Cette demande intervient en réaction au projet de Bruxelles visant à obliger les transporteurs à acquérir une proportion déterminée de véhicules dits « propres ».
Des obligations jugées contre-productives
Les signataires reconnaissent partager les ambitions climatiques de l’Union européenne, mais estiment que la contrainte ne saurait remplacer les conditions favorables à une transition réussie. « Les véritables progrès découleront d’un environnement propice, pas de mesures punitives », a déclaré Raluca Marian, représentante de l’IRU.
Elle souligne que forcer les entreprises à acheter des véhicules qu’elles ne peuvent ni utiliser ni rentabiliser ne permettra pas de décarboner le transport routier. Selon elle, la transition doit rester équitable, pragmatique et économiquement viable.
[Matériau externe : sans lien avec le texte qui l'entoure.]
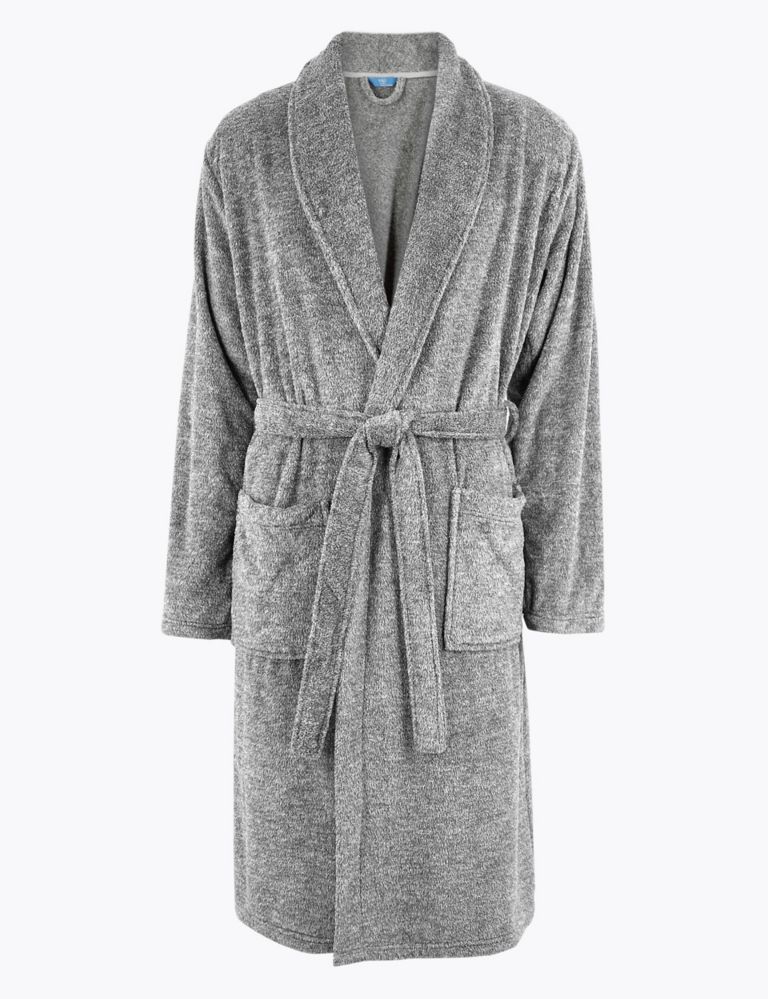 Supersoft Fleece Marl Gown 2 of 4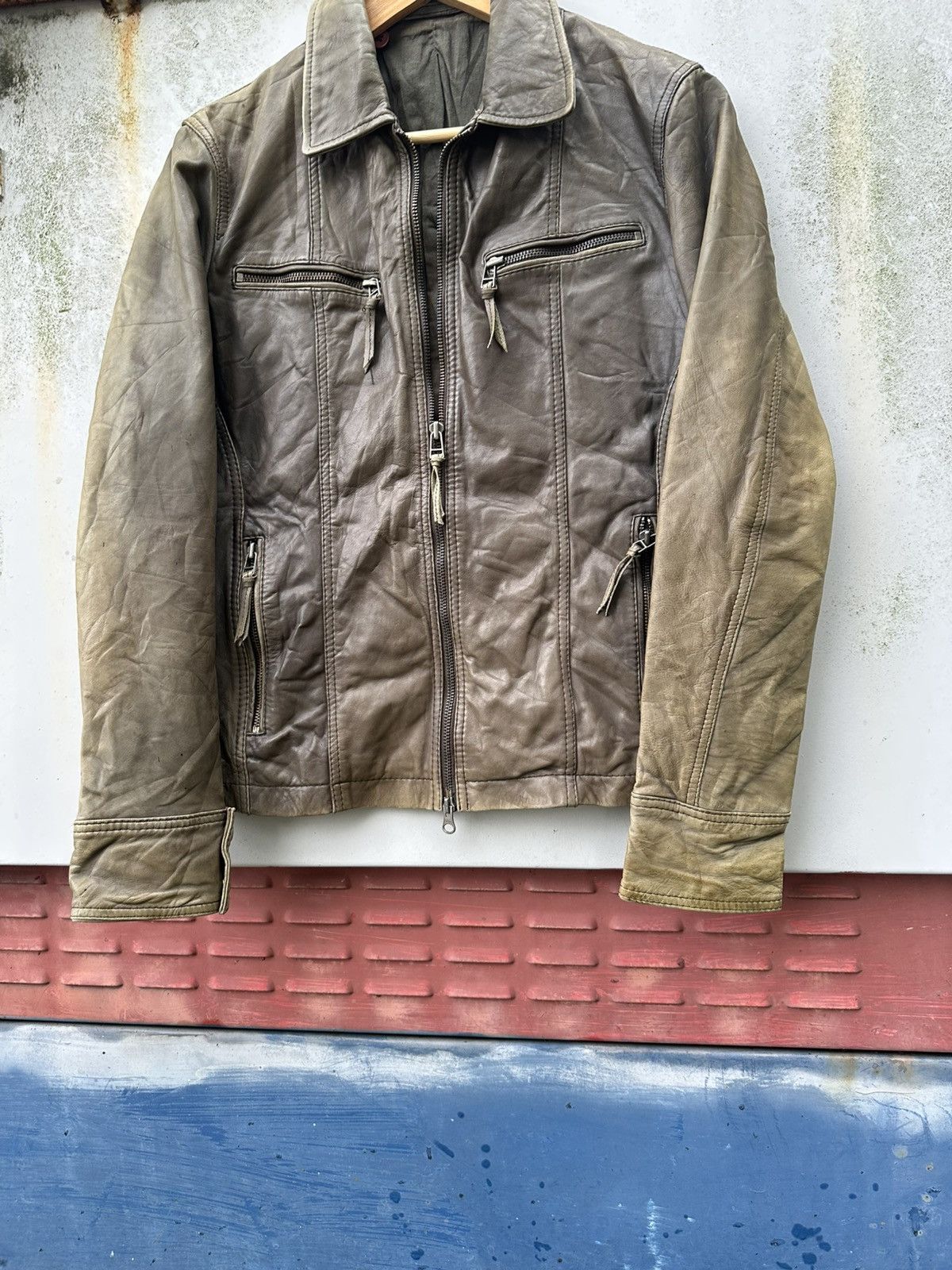 Vintage 👹Vintage Hemispheres Paris Leather Jacket Size US S / EU 44-46 / 1 - 5 Thumbnail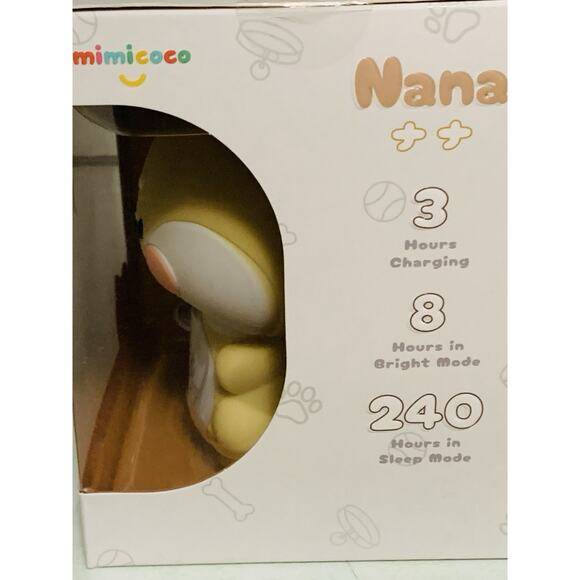 Mimicoco Nana Rechargeable Mood Light Alarm Clock - Pat to Dim - Warm Light NIB - Picture 4 of 5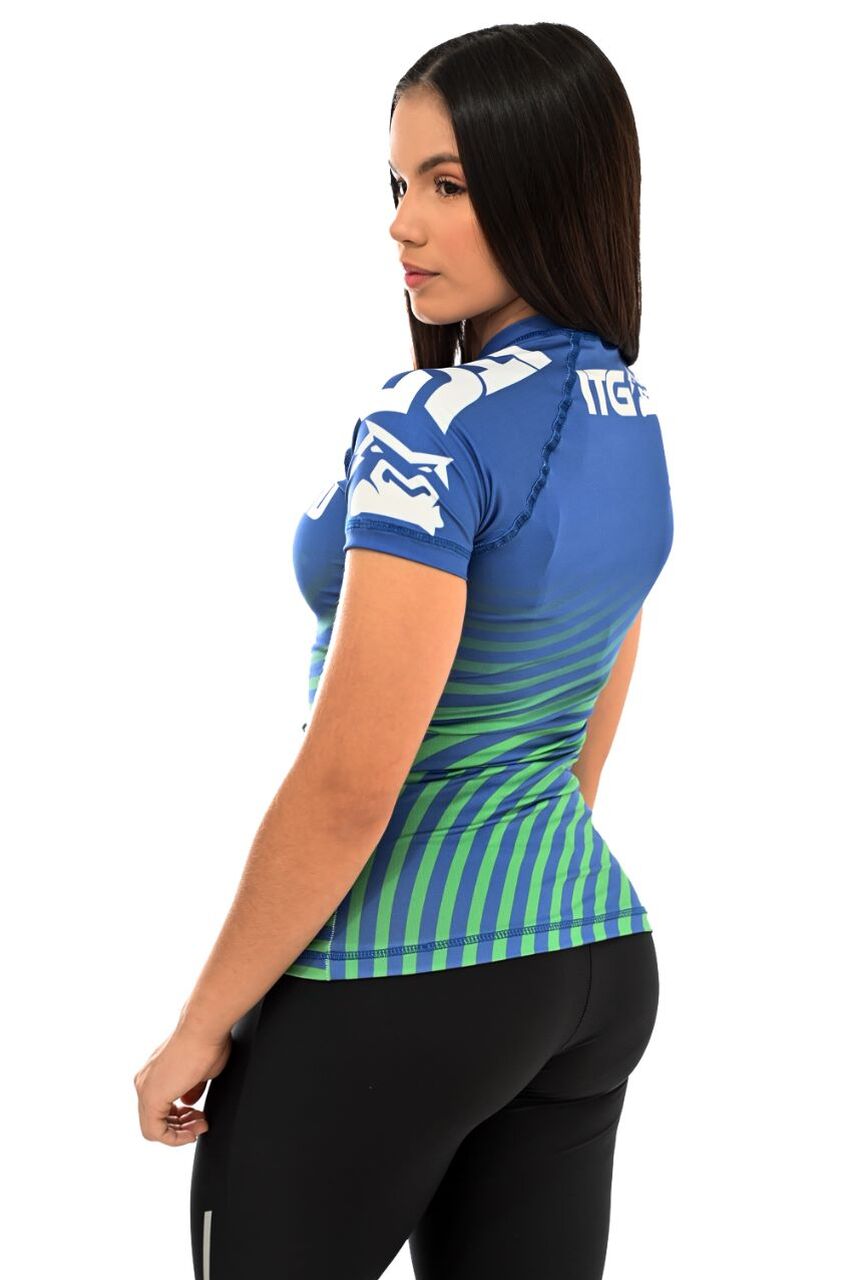Rash Guard Feminina Seleção Azul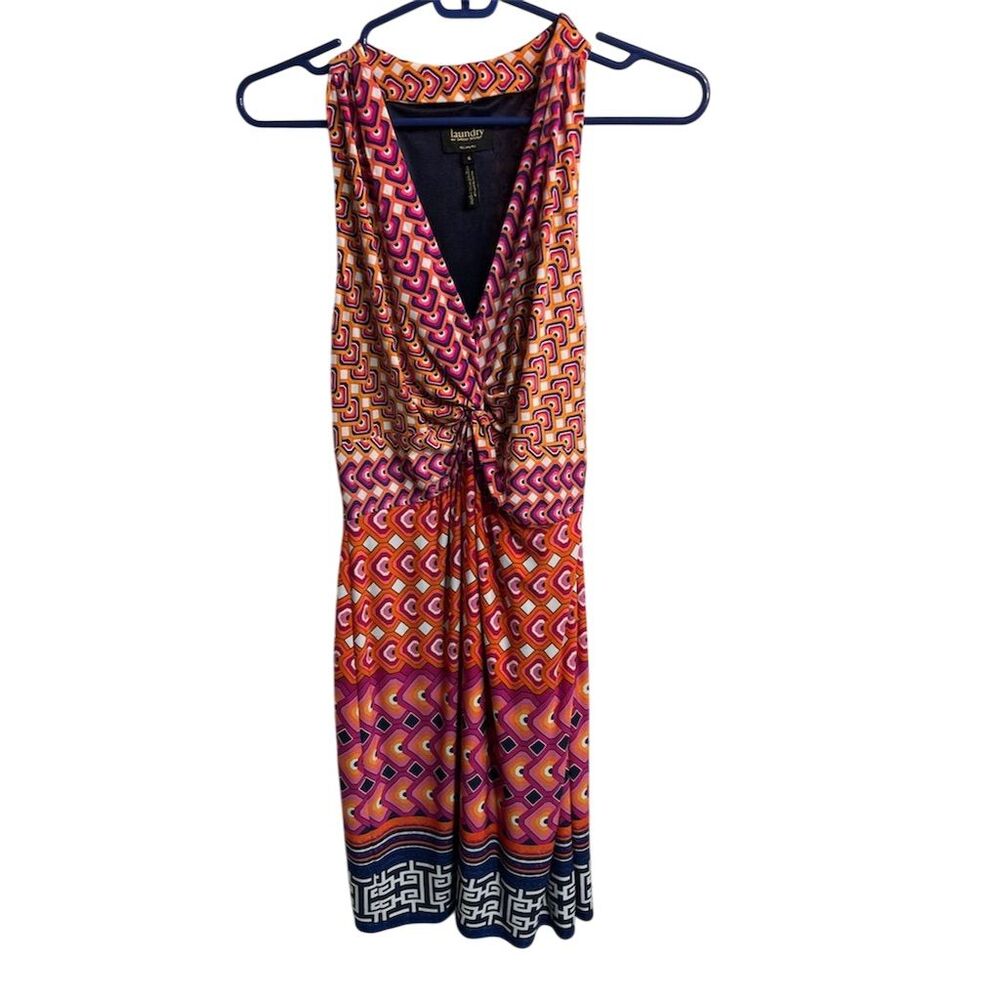 Laundry by Shelli Segal Women's Geometric Print Midi Dress Size 6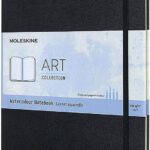 moleskine art black notebook image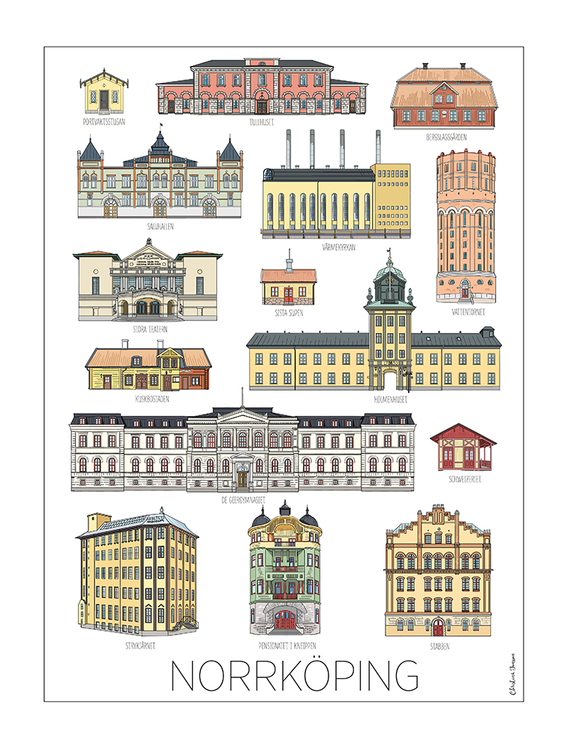 Norrköpingshus poster 50x70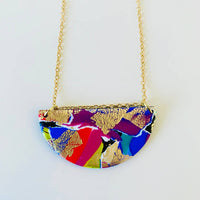 The 80s -  Polymer Clay Statement Necklace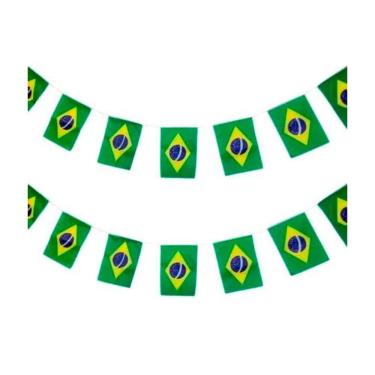 Imagem de Varal Bandeira Brasil - 3 Metros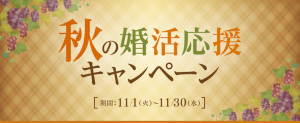 2022年11月実施のパートナーエージェント秋の婚活応援キャンペーン紹介画像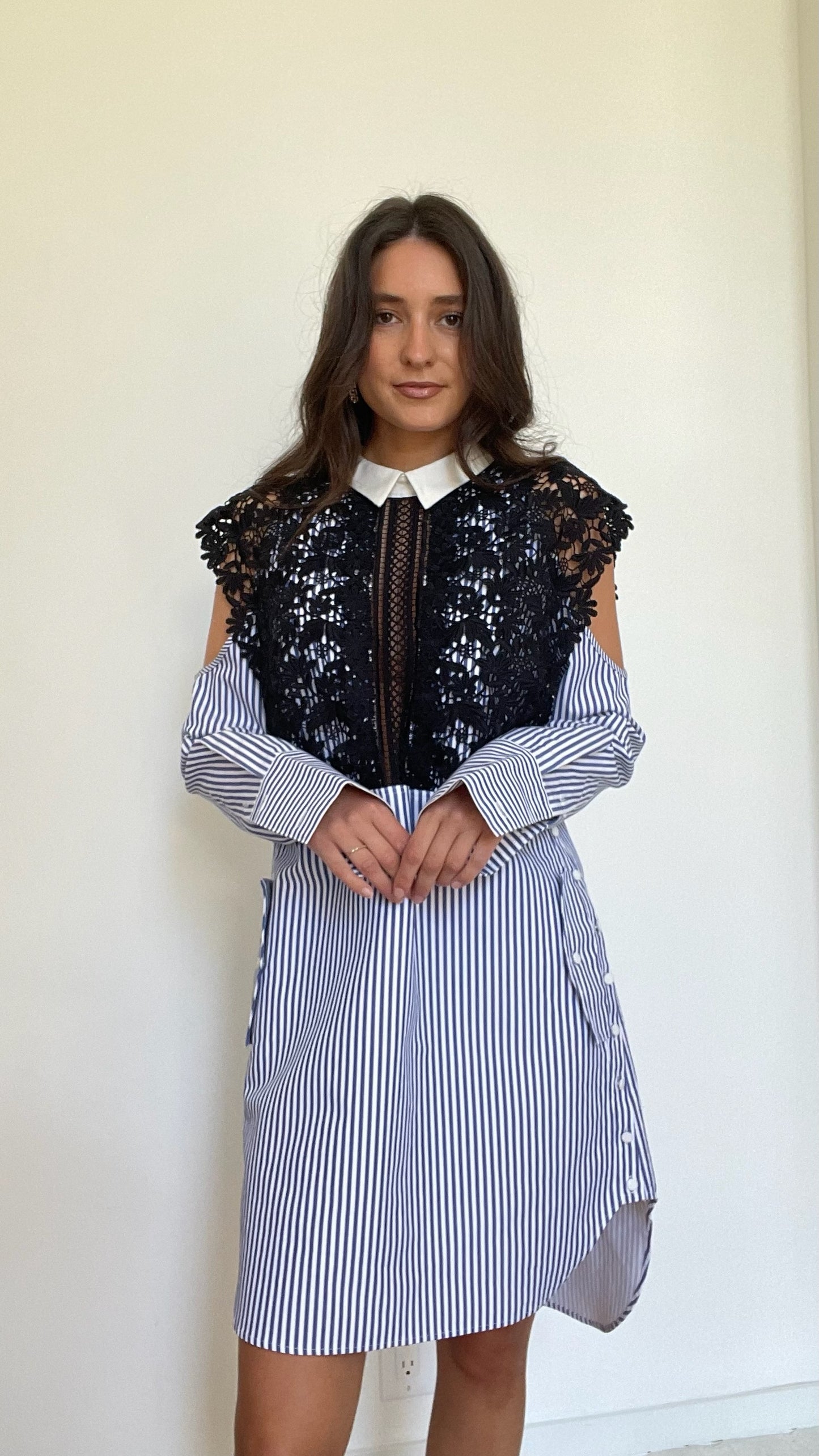 Cotton & Lace Shirt Dress - 8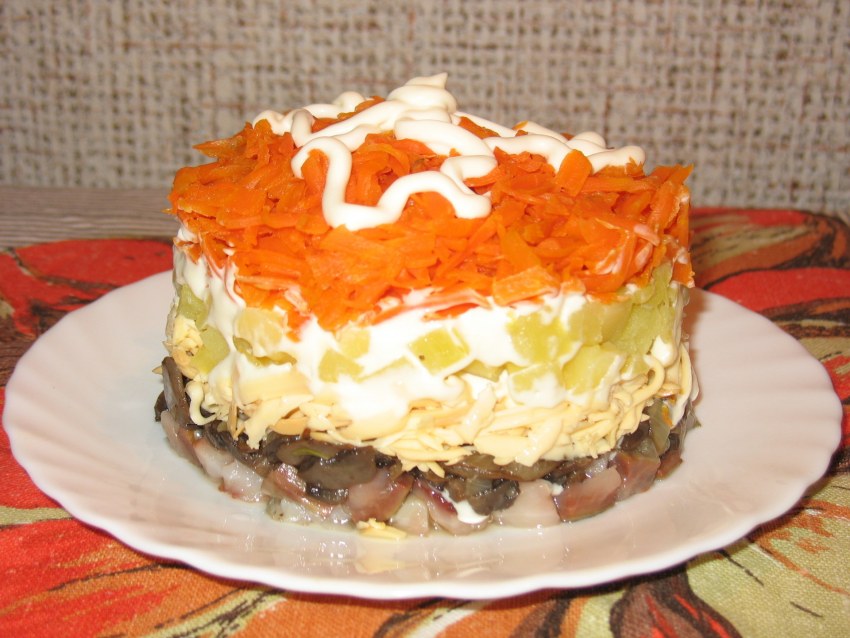 Салат сельдь под шубой слои по порядку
Un risque majeur pour les PME du transport routier
Les organisations rappellent que plus de 95 % des 600 000 transporteurs européens sont des PME ou des microentreprises. Imposer des objectifs d’achat risquerait de faire peser des coûts disproportionnés sur ces petites structures, les moins capables d’absorber les surcoûts de mise en conformité. Les répercussions économiques se propageraient tout au long de la chaîne logistique, touchant l’ensemble du secteur.
Certaines branches du transport, comme la logistique de la chaîne du froid, le secteur de la construction ou le transport de produits chimiques, font face à des contraintes techniques et opérationnelles spécifiques qui rendent l’électrification complète difficile, voire irréaliste à court terme.
Les signataires jugent donc qu’une obligation uniforme d’achat de véhicules zéro émission serait à la fois impraticable et économiquement nuisible.
Des solutions alternatives proposées
En lieu et place des contraintes, les organisations appellent à des mesures d’incitation et de soutien :
- Des aides ciblées à l’acquisition de camions zéro émission pour en réduire le coût.
- Une accélération des investissements dans les infrastructures de recharge, tant dans les dépôts que sur le réseau public.
- Un cadre financier cohérent, réinvestissant les recettes d’outils comme l’Eurovignette ou l’ETS 2 directement dans la décarbonation du transport routier.